There has been a movement within the church for many years now known as Feminist Pneumatology that is attempting to redefine the masculine Gender of the Holy Spirit. However, this effort must be resisted by all genuine Christians as an attack on God’s word in an attempt to redefine God into a god of their own creation rather than the God of the Bible.
A Feminist Attack on the Gender of the Holy Spirit
Opponents who argue against the masculine gender of the Holy Spirit argue that since the Hebrew word for Spirit is feminine and the Greek word for Spirit is neuter that the Spirit does not have a gender. They argue that there are no biblical grounds for calling the Spirit a “he” and that we refer to the Spirit as such because of tradition, citing the masculine word for Spirit in the Latin that was used by the early Latin church. Thus they insist we can use “he”, “she” and/or “it” for the Holy Spirit, and that the pronoun used should vary according to context. This is the type of error that creeps into the church when we start trying to define God by first dividing the Trinity without first understanding the one God and then the Trinity in the manner and order in which God progressively revealed himself to humanity. Sadly, I have even seen some apologetic websites, which are supposed to defend the true faith, agreeing that the Spirit is genderless, though usually while still insisting we need to refer to him in masculine relational terms.
These erroneous teachings that attack the masculine gender of the Holy Spirit generally stem from a feminist perspective that the personification of God as Father is a symbol of patriarchy. It is argued that this contributes to the idea of male dominance that results in the oppression of women. Opponents of this feminist perspective assert that there are many feminine aspects and characteristics of God. Because of this, they suggest that we should use metaphorical language for God such as mother, lover, or friend as a complementary approach to the father imagery. However, this movement is a very dangerous deviation from Scripture. We should not be using metaphorical terms such as “mother” for God or “she” or “it” that are not biblical just to appease some who don’t like that fact that the Scripture portrays and identifies God through his Spirit as masculine because they think such a view subjects women to oppression. Though many might not recognize this, Feminist Pneumatology is also a subtle attack on biblical inspiration, for they assume that the Bible was produced by a patriarchal society as if the Holy Spirit was subject to such an influence and thus was not really the author. That to me signifies a very lowly view of the Spirit and his power. If he wanted to portray God as genderless, then he certainly had the ability to do so.

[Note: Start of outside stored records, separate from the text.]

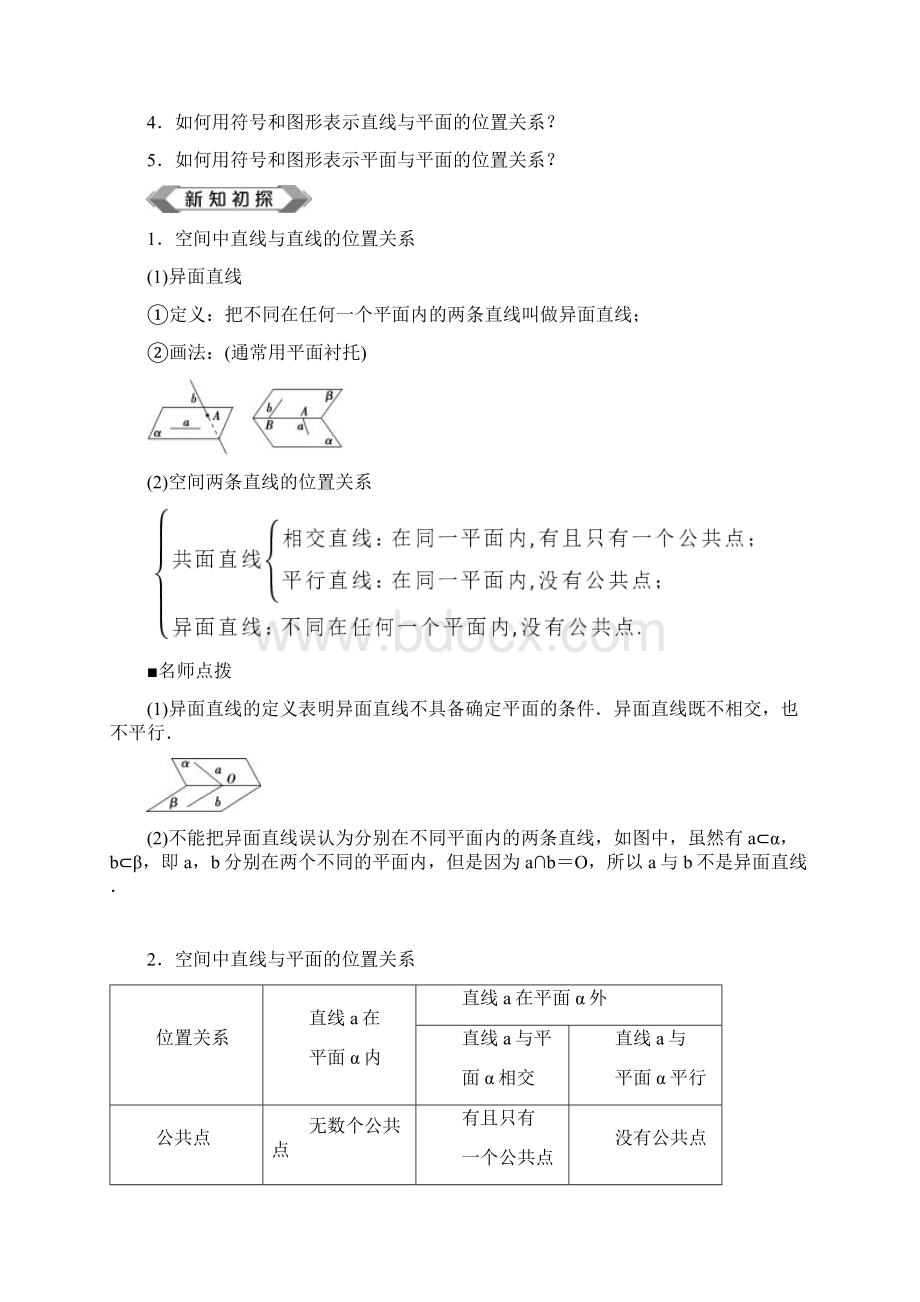 新教材人教A版高中数学必修第二册842 空间点直线平面之间的位置关系 学案.docx_第2页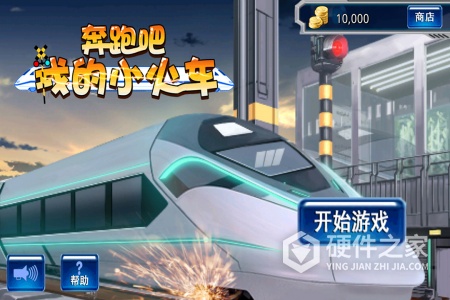 奔跑吧我的小火车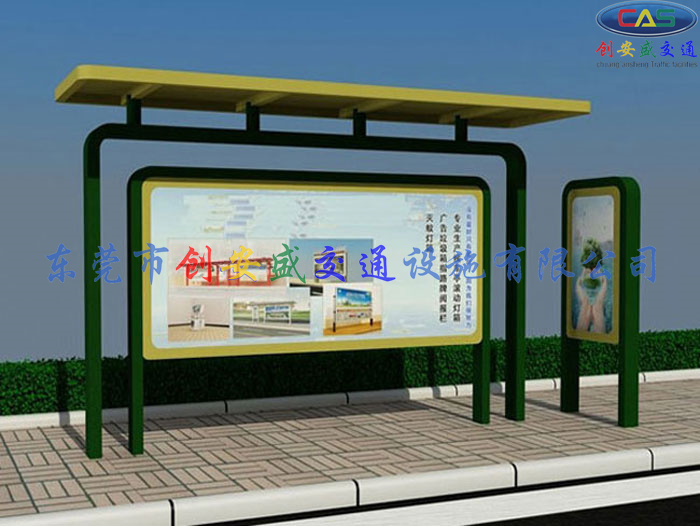 珠海候車亭制作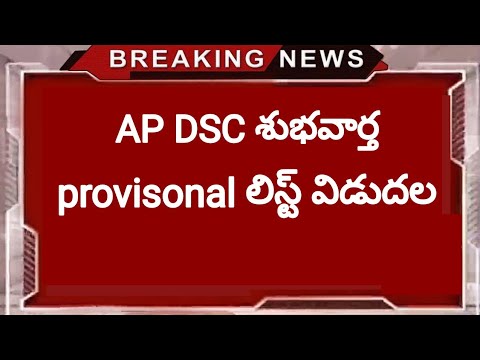 download lagu mp3 mp4 Apcfss Ap Dsc, download lagu Apcfss Ap Dsc gratis, unduh video klip Apcfss Ap Dsc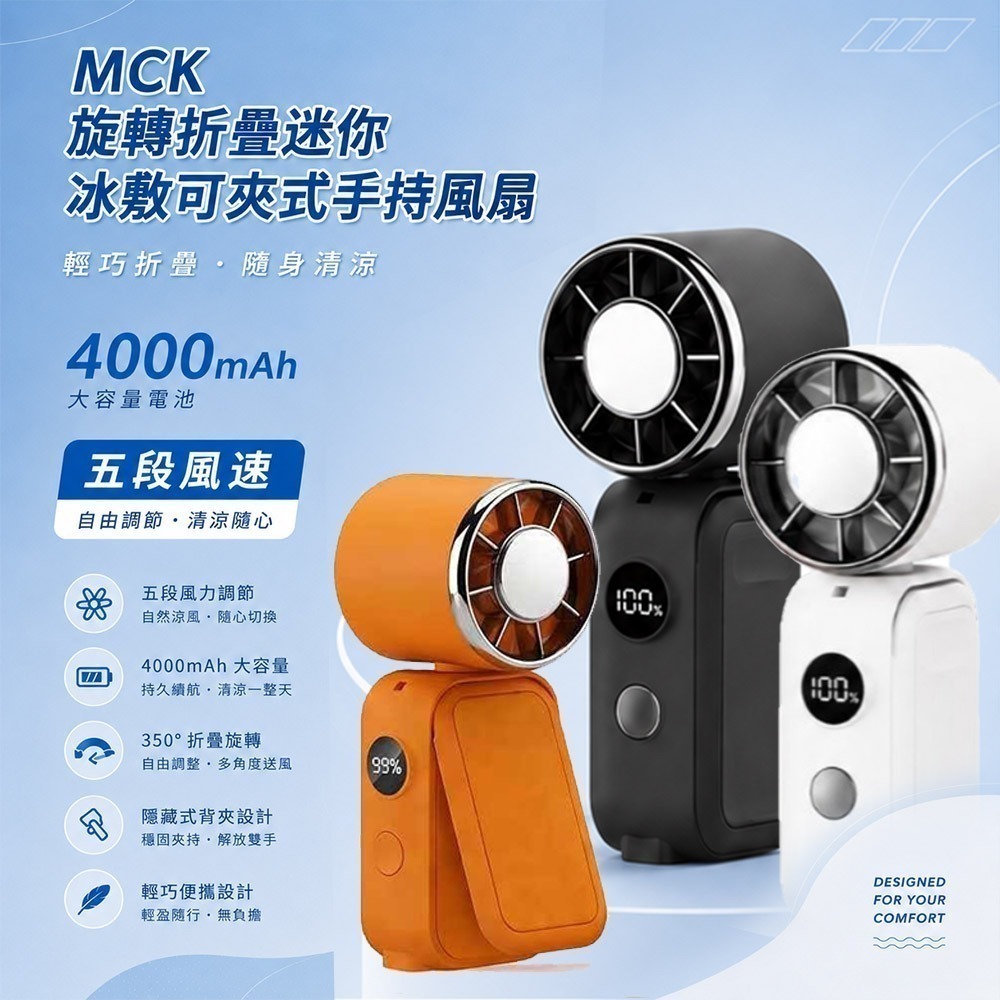 【限時購】MCK 旋轉折疊迷你冰敷可夾式手持風扇YM-001-細節圖2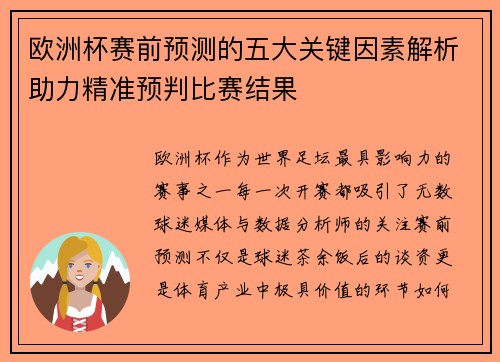 欧洲杯赛前预测的五大关键因素解析助力精准预判比赛结果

The Gender of God is Masculine
It is important to remember that though the Father, Son and Spirit are distinct centers of consciousness, they are also one being. What this means is that if the Bible is insisting that God does have gender, than whatever that gender is must define Father, Son and Holy Spirit. However, it must be clarified that when we speak of gender, we are not speaking of God’s sex, for God does not have sexual organs, and gender and sex are not the same thing, though in humans these will correlate with one another. The biblical reality is that God is a he, including the three persons of the Father, the Son and the Holy Spirit. It is the male gender through which God has chosen to reveal himself and it is the representation of God that he has given in his Word to his creation. He does not ever represent himself as of the female gender despite the occasional use of metaphors that proponents of a genderless God try to twist in support of their doctrine. Within the understanding of our world and the existence of two genders, it is correct to identify God as consisting of a nature that is masculine in gender. Though this is too much to go into in this blog, everything in existence was masculine until the creation of the female sex with the female gender in order to facilitate procreation in God’s physical creation. This includes the creatures around the throne of God as well as every single one of the angels. Thus, though no such distinction of genders existed prior, because everything was masculine (whatever that fully means and entails), and there was no need to even have such a term as masculine because feminine did not even exist, there now is a distinction that must be maintained. It is improper and irreverent to refer to God or his Spirit as “she” or “it.”
The gender of the Holy Spirit is also conveyed as masculine in the biblical text when Luke says, “And behold, thou shalt conceive in thy womb, and bring forth a son, and shalt call his name JESUS. … And the angel answered and said unto her, The Holy Spirit shall come upon thee, and the power of the Most High shall overshadow thee: wherefore also the holy thing which is begotten shall be called the Son of God” (Luke 1:31, 35 ASV). And Matthew writes, “Now the birth of Jesus Christ was on this wise: When his mother Mary had been betrothed to Joseph, before they came together she was found with child of the Holy Spirit” (Matt 1:18 ASV). God is the Father of Jesus, but Jesus was fathered by the person of the Holy Spirit. There is great difficulty here when one tries to make the gender of the Holy Spirit anything other than masculine. The obvious inference to the human mind is deliberate.
Final Thoughts on the Gender of the Holy Spirit
All of the centers of consciousness within the one Triune God are masculine, because God in his being is masculine. The subject could be explored and explained much further, but I want to keep this article short and to the point. Suffice it to say, God is masculine in nature, including the Holy Spirit. We should trust God’s word and the teaching of the Holy Spirit who tells us that such is the case, rather than trying to redefine God and mold him into our own reflections for whatever reason.